Sunday, February 17, 2019

YOGA MAT DASH

At 6:30 a.m. on a brisk New England morning in February, the strange aura just before sunrise can play tricks on the senses. It's not light, yet it's not dark.  It's invigorating leaving the house in the dark then arriving at work in the light just eighteen minutes later as the colored sky slowly fades into blue.  I am almost disappointed that the clocks move ahead in a few weeks because then I'll be back to the glare-in-my-eyes commute.

For now, this quiet pre-dawn drive takes me the back way down silent side streets.  Occasionally I will pass a jogger wearing bright colors or a walker with a headlamp, athletes trying as diligently to avoid being hit as I am trying to avoid hitting them.  Once in a great while I might even see an early morning dog walker (sometimes still in his or her pajamas), but, generally speaking, my morning commute is tame and serene.

Until today.

This particular back road runs parallel to the two main highways: routes 28 and 125.  It's a peaceful alternative to the traffic crawl on one highway and the break-neck drag races on the other.  As I near my turn, a road so deep in the woods that it was blocked one recent morning by an errant fallen tree, I am surprised by the sight of a woman running full tilt through the darkness.

She is not dressed in jogging attire nor is she rushing to keep up with a dog.  Nope, she is racing around the snow-banked lane in a mid-length puffy coat, complete with fur-lined hood.  Under one arm is her pocketbook; under her other arm is a yoga mat.

And this isn't even the strange part.

As I prepare to turn down the same small street as is she, a pack of women similarly dressed comes careening out of the darkness and races down the road after her.  Twelve or so women, all dressed in street clothes, all wearing puffy winter coats, all carrying bags and yoga mats, running as fast as they can, like their yoga pants are on fire.

This is the strange part.

I stop mid-turn, completely flabbergasted.  These women are all wearing dark clothing and dark coats, and they're running to somewhere. Stranger, though, is the realization that this means they are also running FROM somewhere.  Where did they come from?  I mean, I can surmise that they're running to someone's house for a private yoga class.  This is that type of a hoity-toity town.  But ... a dozen of them?  With the same coats?  Flying along at the ass-crack of dawn?

I start wondering if maybe they're escaping from some maniac.  Should I stop my car and inquire after their safety?  I don't know -- seems like if they're dressed in puffy coats, there couldn't have been such a dire emergency that they'd take the time to dress or grab yoga mats.  It can't be a PTO event or a mothers' breakfast.  It's too early for the first buses to have even come by yet.  How do I know?  I know because I take this route as a way to avoid school bus traffic.
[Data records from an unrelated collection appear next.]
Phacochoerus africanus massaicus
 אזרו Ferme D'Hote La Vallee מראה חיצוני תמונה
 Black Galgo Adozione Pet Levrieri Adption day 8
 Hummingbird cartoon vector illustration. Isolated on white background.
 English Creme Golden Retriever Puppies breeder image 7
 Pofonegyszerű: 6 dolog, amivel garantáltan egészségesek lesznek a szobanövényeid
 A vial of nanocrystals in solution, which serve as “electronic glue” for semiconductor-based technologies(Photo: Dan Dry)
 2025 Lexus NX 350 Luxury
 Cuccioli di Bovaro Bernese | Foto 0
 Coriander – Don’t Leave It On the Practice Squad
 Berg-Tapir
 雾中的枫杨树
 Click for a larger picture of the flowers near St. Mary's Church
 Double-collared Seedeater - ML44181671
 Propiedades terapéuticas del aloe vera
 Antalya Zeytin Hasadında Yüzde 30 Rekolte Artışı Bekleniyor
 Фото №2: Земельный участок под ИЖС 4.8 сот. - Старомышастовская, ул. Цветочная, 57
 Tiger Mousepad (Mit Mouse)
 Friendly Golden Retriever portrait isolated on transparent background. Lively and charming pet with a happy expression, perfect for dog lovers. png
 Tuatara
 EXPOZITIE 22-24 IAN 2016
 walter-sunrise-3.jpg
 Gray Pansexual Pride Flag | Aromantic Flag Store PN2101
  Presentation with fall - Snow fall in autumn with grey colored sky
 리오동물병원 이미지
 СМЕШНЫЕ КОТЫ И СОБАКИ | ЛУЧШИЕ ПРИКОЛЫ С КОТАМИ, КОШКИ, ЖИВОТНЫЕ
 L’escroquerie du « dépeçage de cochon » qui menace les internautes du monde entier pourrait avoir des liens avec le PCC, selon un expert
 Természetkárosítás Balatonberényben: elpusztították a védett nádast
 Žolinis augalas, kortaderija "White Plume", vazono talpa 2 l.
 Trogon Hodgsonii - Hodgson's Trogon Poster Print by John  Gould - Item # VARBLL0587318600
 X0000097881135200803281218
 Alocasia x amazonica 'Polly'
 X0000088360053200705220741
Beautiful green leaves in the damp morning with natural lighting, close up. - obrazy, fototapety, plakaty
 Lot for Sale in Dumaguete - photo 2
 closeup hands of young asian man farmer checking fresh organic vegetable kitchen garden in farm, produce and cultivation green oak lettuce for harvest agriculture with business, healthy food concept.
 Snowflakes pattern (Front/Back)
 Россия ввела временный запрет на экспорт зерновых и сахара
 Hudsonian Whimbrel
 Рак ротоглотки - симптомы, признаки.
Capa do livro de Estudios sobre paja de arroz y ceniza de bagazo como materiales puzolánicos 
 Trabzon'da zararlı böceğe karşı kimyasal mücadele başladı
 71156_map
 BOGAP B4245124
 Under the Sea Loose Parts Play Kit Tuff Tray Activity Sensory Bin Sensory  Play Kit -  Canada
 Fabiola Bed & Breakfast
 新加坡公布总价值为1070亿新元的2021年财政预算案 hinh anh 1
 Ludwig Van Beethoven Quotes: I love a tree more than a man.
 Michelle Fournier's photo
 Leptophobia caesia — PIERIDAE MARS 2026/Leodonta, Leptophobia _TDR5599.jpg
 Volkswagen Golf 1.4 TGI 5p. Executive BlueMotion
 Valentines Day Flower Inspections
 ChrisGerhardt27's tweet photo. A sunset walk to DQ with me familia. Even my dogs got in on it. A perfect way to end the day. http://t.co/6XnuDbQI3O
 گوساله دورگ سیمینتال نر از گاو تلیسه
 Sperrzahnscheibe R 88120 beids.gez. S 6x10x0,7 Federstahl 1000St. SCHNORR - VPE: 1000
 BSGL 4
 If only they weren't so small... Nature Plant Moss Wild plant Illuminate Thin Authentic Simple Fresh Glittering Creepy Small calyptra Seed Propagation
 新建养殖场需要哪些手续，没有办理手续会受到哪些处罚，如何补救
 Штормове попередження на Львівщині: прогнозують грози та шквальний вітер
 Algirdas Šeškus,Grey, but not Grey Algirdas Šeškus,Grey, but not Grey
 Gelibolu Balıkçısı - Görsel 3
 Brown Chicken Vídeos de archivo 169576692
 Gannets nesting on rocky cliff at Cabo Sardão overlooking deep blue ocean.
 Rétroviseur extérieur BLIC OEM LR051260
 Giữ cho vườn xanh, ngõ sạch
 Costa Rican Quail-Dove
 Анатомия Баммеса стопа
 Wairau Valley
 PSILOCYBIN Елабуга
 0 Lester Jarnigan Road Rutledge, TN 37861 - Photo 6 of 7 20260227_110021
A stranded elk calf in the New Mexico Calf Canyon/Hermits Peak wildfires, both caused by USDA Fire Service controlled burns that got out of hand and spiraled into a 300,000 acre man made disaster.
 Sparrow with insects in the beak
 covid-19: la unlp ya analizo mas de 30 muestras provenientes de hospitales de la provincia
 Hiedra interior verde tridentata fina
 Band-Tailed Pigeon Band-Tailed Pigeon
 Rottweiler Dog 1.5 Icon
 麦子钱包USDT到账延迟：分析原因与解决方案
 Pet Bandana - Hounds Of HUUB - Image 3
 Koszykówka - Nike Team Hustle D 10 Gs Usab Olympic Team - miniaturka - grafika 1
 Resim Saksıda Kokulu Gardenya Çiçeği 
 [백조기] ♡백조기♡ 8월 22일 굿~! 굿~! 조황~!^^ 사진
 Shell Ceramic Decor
Slowly the car and I both recover, pass the gaggle of women (who appear cheerful), and continue on the way to work, the car on autopilot and me shaking my head and quietly whispering, "What.  The.  Fuck.  What the serious fuck did I just see?"

In the few years that I have driven to work this way, I have never seen anything like the gauntlet-running housewives.  But, if there's anyone out there in the vicinity of Holt and Prospect Roads who would like to explain this to me, I'm not going to lie to you: I'm curious as all hell to know the reason for the spectacle that I witnessed.

Unless, of course, they were running to meet Rosemary's baby.  In that case, forget I asked.  Forget I even wrote about it.  Forget it all.  So help me, if Minnie Castevet comes knocking on my door, I'll hunt you all down faster than those women in the puffy coats and wrap your bodies in yoga mats (which is quite possibly what those women were doing in the first place...).